PROJECT SUMMARY/ABSTRACT
Over 180,000 men will be diagnosed with localized prostate cancer in 2016 and 92% of these men will have localized or
regional disease. Fortunately, treatment with curative intent (surgery or radiation with/without hormone therapy) provides
long-term cancer-free survival. However, survivors experience urinary, sexual, bowel and hormonal symptoms, general
distress, pain, fatigue, and sleep disturbance. For men in an intimate relationship, these symptoms disrupt couple’s
relationships and intimacy, and reduce quality of life (QOL) of both patients and their partners who are often their primary
caregivers. Symptom effects may have as great or greater impact on their partners’ QOL than on patients’ own QOL.
Management of the negative effects of cancer and its treatment is a significantly under-addressed supportive care need for
these men and their intimate partners. Most existing online programs are not couple-focused or use generalized “one-size
fits all” approaches that have fallen short of improving QOL. Existing in-person couple-focused programs are expensive
and inconvenient because of the time and travel required. To address these unmet supportive care needs, Dr. Song led an
interdisciplinary team to develop and pilot test the usability and feasibility of an evidence-based, couple-focused, tailored
mobile health (mHealth) intervention, “Prostate Cancer Education & Resources for Couples” (PERC). Based on the
adapted stress-coping theoretical framework and developed with stakeholder involvement, PERC aims to improve QOL
for both patients and partners through enhancing positive appraisals, self-efficacy, social support, and healthy behaviors
for symptom management. Using mHealth technologies, PERC provides comprehensive, user-friendly content, and uses
tailoring and personalization features designed to increase personal relevance of, and couples’ accessibility to PERC
modules. We propose to rigorously test the efficacy of PERC using a population-based, geographically and
demographically diverse cohort in a randomized controlled trial.

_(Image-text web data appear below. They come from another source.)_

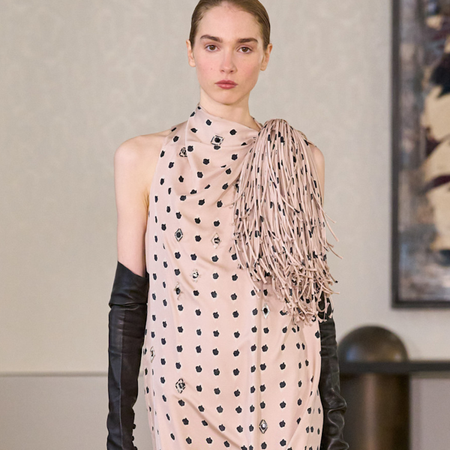 Photo of runway model wearing printed maxi dress from Altuzarra Fall Winter 2026 collection.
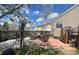 Backyard patio with an outdoor seating area, perfect for relaxing and entertaining at 1354 Avgare Way, Erie, CO 80516
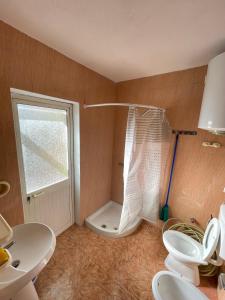 a bathroom with a shower and a toilet and a sink at Shkodra Guest House in Shkodër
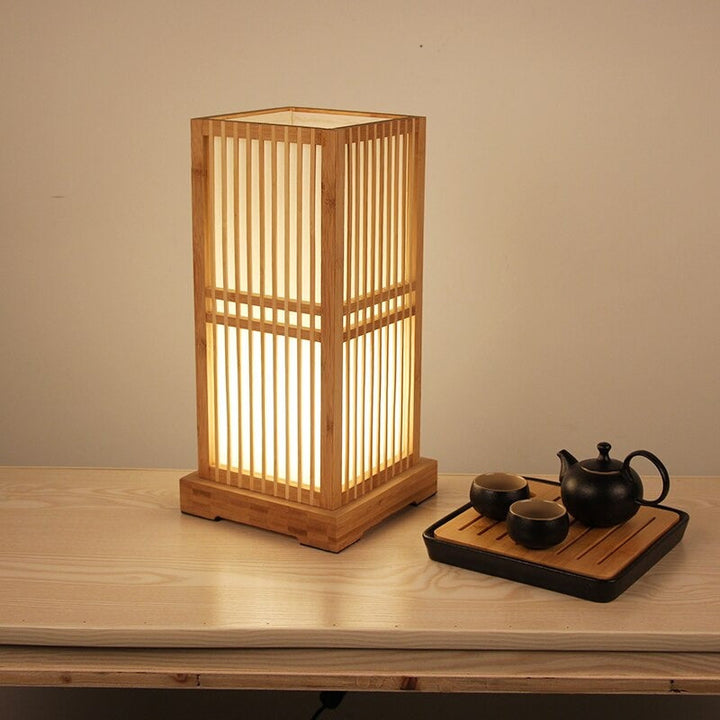Japanese Tatami style table lamp with bamboo shade. Zen decor for natural lighting & bedside accent.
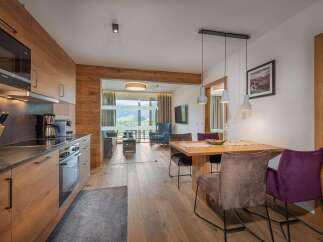 Experience luxury living in this stunning property, featuring a modern kitchen with high-end appliances and sleek design.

The specific aims are: Primary Aim: Assess if patients
and partners receiving PERC will report greater improvement in their cancer-related QOL scores than those in the control
group (usual care plus the National Cancer Institute (NCI) prostate cancer website) at 4, 8, and 12 months post-baseline.
Secondary Aim: Test if patients and partners in PERC will report significantly more positive appraisals and higher levels
of coping resources at follow-ups than those in the control group. Exploratory Aim: Determine if patient race and
ethnicity, education, type of treatment, or couples’ relationship quality moderate the effects of PERC on patient and
partner QOL at follow-ups. This study will provide a novel model for self-managing chronic illness symptoms that impact
couples’ relationships, intimacy, and QOL. It addresses the National Institute of Nursing Research’s (NINR) goal to
develop and test ...

## Key facts

- **NIH application ID:** 10200890
- **Project number:** 5R01NR016990-05
- **Recipient organization:** UNIV OF NORTH CAROLINA CHAPEL HILL
- **Principal Investigator:** Lixin Song
- **Activity code:** R01 (R01, R21, SBIR, etc.)
- **Funding institute:** NIH
- **Fiscal year:** 2021
- **Award amount:** $471,163
- **Award type:** 5
- **Project period:** 2017-09-25 → 2023-06-30

## Primary source

NIH RePORTER: https://reporter.nih.gov/project-details/10200890

## Citation

> US National Institutes of Health, RePORTER application 10200890, Efficacy of a Couple-focused, Tailored, Symptom Self-Management mHealth Intervention for Prostate Cancer Patients and Partners (5R01NR016990-05). Retrieved via AI Analytics 2026-05-23 from https://api.ai-analytics.org/grant/nih/10200890. Licensed CC0.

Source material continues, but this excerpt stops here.